La fiscal del caso, Eugenia Vallejos, detalló que el imputado también llevaba una segunda arma de puño, tipo semiautomática, de simple y doble acción, igualmente sin número de serie visible. Esa pistola contaba con un cargador removible y ocho cartuchos. Ambas armas quedaron inmediatamente secuestradas para su peritaje.
El procedimiento policial se concretó alrededor de las 19.20 del miércoles, cuando los agentes fueron advertidos de la situación y procedieron a la detención del joven. Desde el MPF señalaron que su conducta encuadraría en delitos vinculados con la portación ilegal de arma de fuego de uso civil y de guerra, aunque la calificación podría ajustarse a medida que avance la investigación.
Debate por la prisión preventiva y uso de tobillera electrónica
En la audiencia de formulación de cargos, la fiscal Vallejos solicitó que se mantenga la detención del acusado y que se dicte la prisión preventiva, al considerar que existen riesgos procesales, entre ellos peligro de fuga y posibilidad de entorpecer la investigación. Para la funcionaria judicial, la gravedad del hecho y las características del armamento respaldan la necesidad de una medida cautelar estricta.
La defensora penal pública, Alfosina Stular, se opuso a ese planteo y sostuvo que su cliente cuenta con arraigo en la zona y tiene un trabajo estable. En ese marco, pidió que se le otorgue la libertad bajo la colocación de una tobillera electrónica, al remarcar que el acusado no registra antecedentes penales ni intentó evadir el accionar policial.
“Mi defendido no tiene antecedentes, tiene domicilio fijo y trabajo. No hay elementos que permitan presumir un intento de fuga o de entorpecimiento de la investigación”, argumentó Stular ante la jueza de Garantías.
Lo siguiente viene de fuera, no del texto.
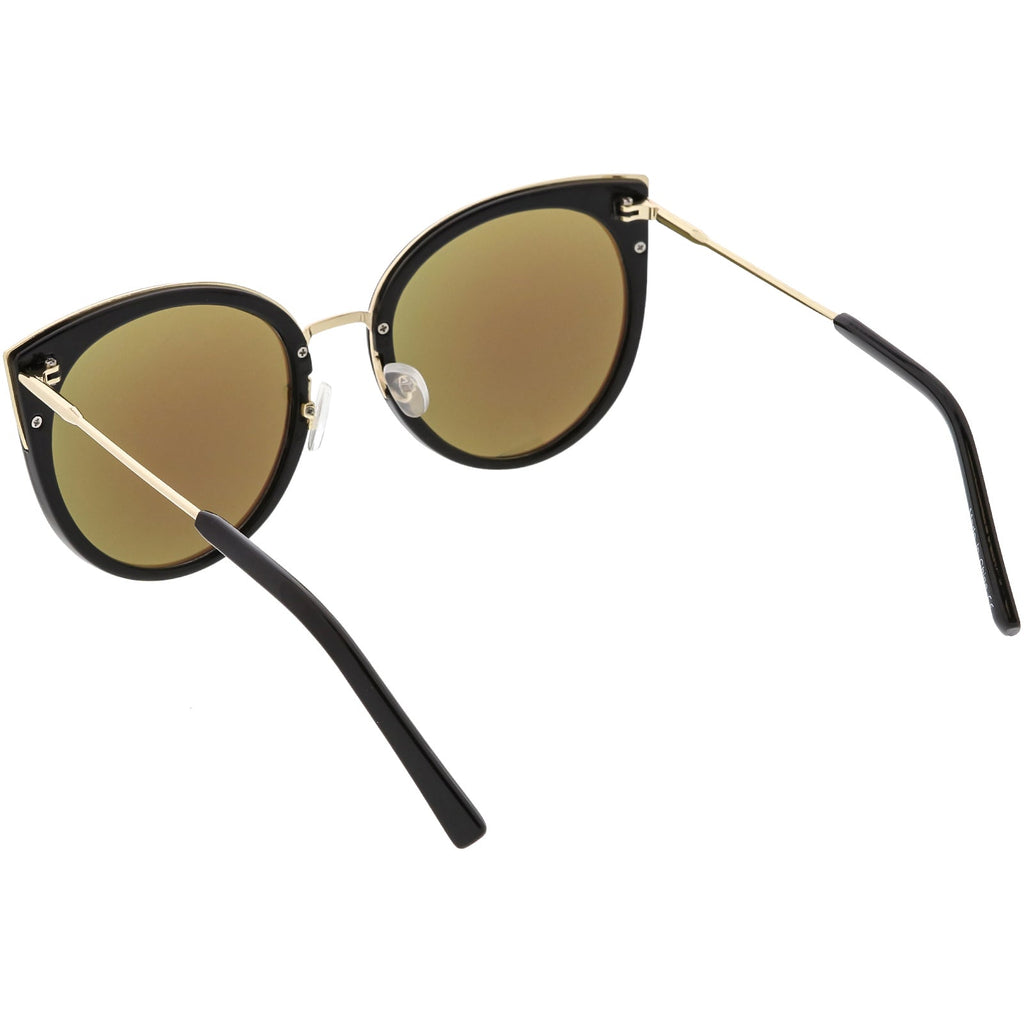 Women's Oversize Round Flat Mirrored Lens Cat Eye Sunglasses C841
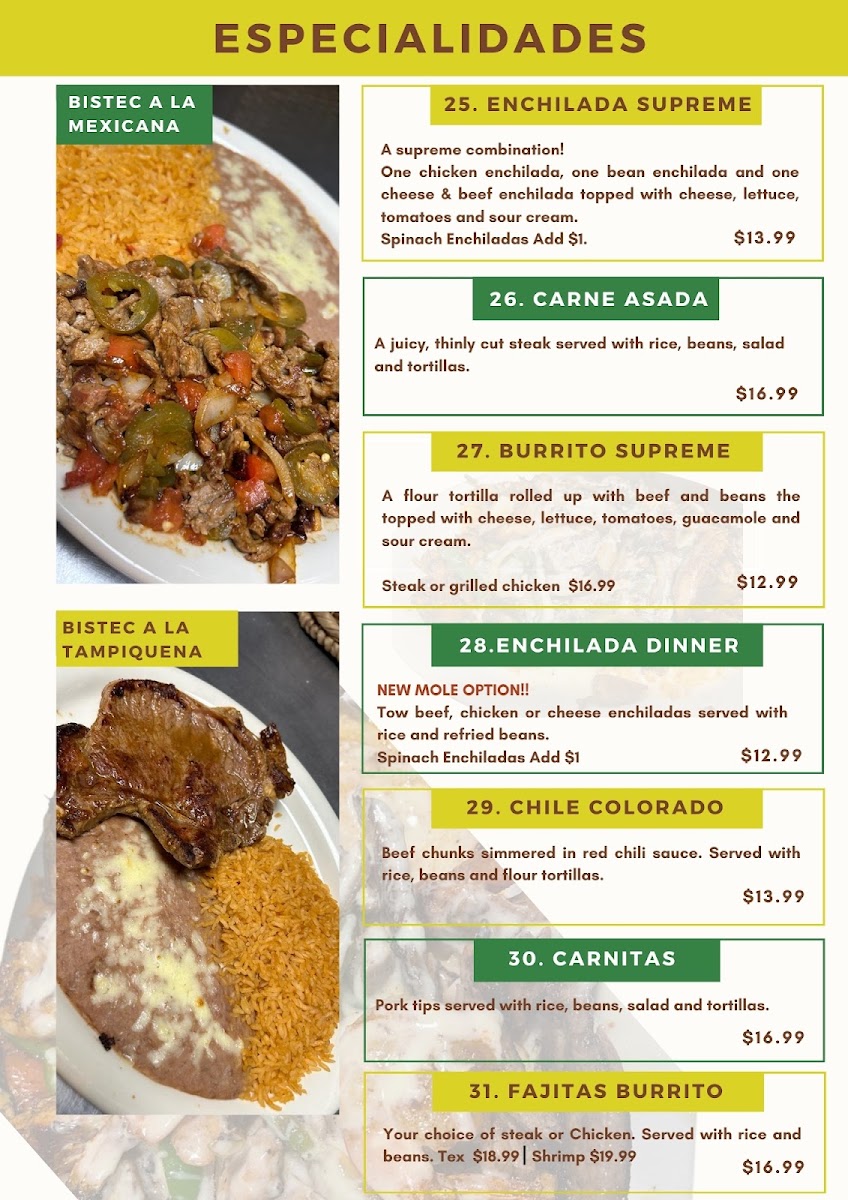 Mexicali Grill menu board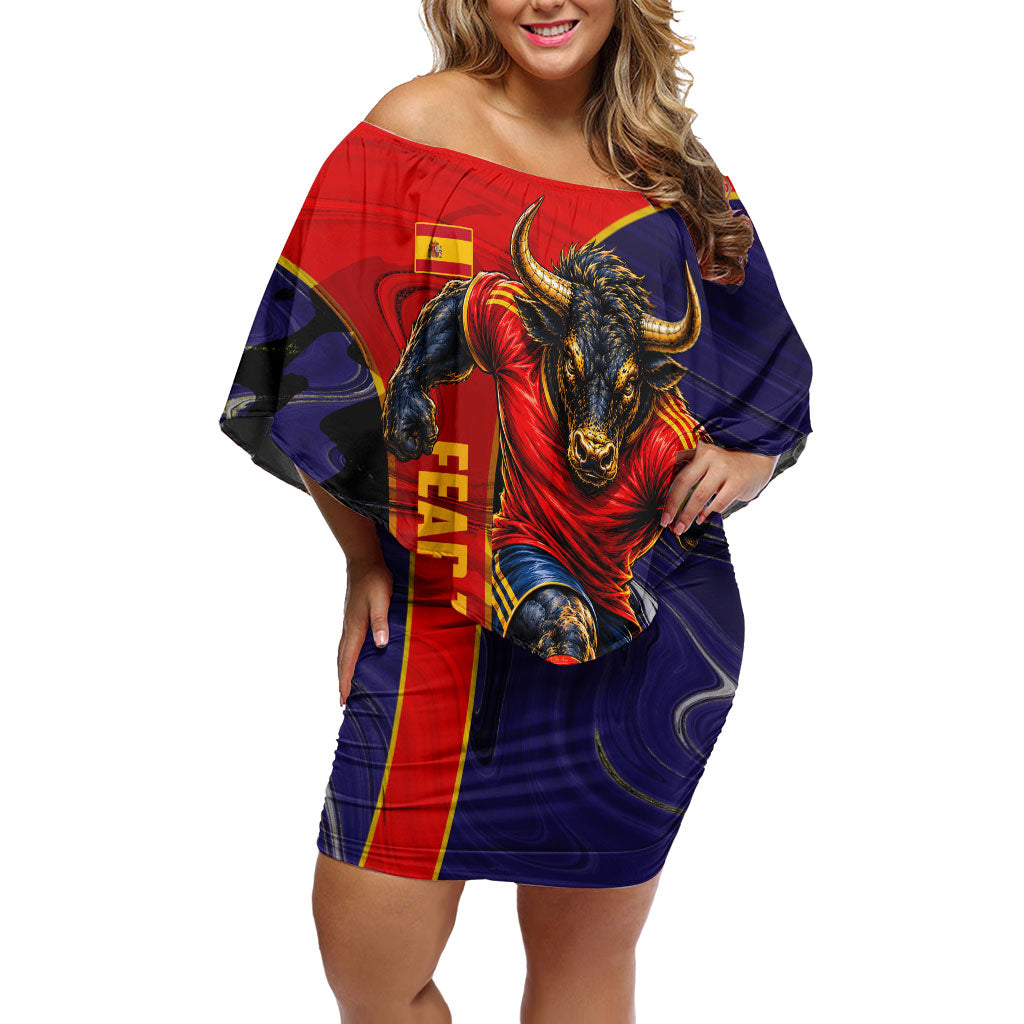 Personalized Spain Football Off Shoulder Short Dress Fear the Bull Soccer Mascot Marble Art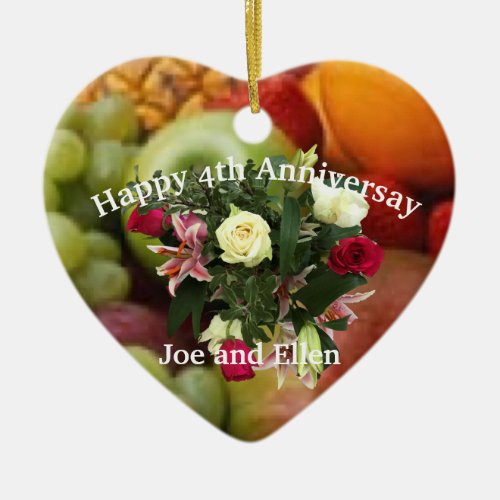 4th Anniversary Fruit and Flowers  Heart Ceramic Ornament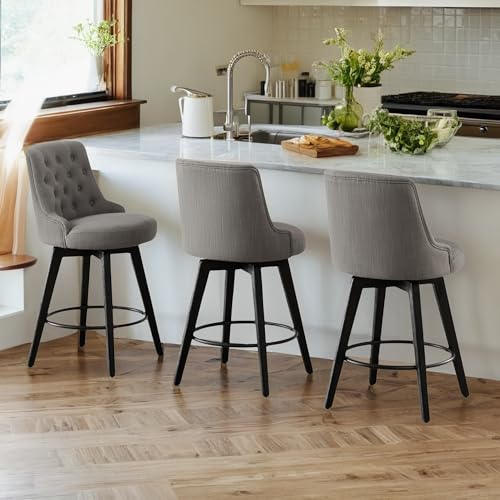 Image of Watson & Whitely Counter Height Bar Stools Swivel Barstools, Fabric Grey | Set of 3, Upholstered Modern Barstool with Back, Solid Wood Legs, 26 inch H Seat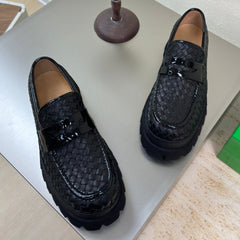 HADDOCK MOCCASIN IN BLACK CALFSKIN WITH WOVEN DESIGN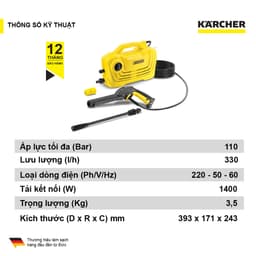 Thumbnail Combo Máy xịt rửa xe Karcher K2 Classic và dây cấp nước 1.5 m 2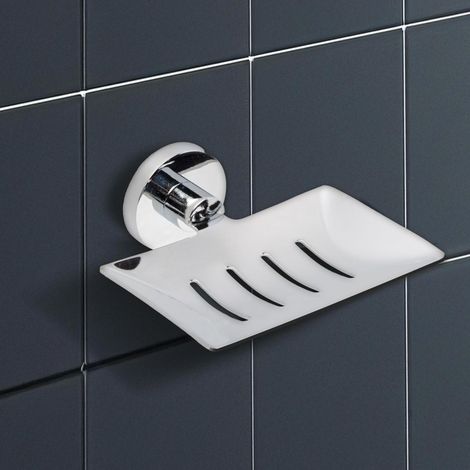Porte-savon mural adhésif en métal – Design moderne – Pas besoin de perçage – Pour salle de bain, douche, cuisine, maison – Porte-savon ou éponge – Chrome – Rectangulaire – 12 cm x 8 cm (1/5)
Tras escuchar a las partes, la jueza de Garantías, María Agustina Bagniole, resolvió un criterio intermedio: ordenó colocarle al joven un dispositivo de geolocalización y le impuso la obligación de presentarse de manera semanal en la sede judicial correspondiente. Además, dispuso que las armas queden bajo estricto resguardo mientras se desarrollan las pericias balísticas y se analizan antecedentes de su posible uso en otros hechos.
El caso se suma a otros episodios recientes en los que se detectó la presencia de armas de fuego en festejos populares, un fenómeno que las autoridades buscan desalentar a través de controles más estrictos y campañas de desarme voluntario. En las próximas semanas, el MPF deberá definir si avanza con una acusación formal y eventual elevación a juicio oral.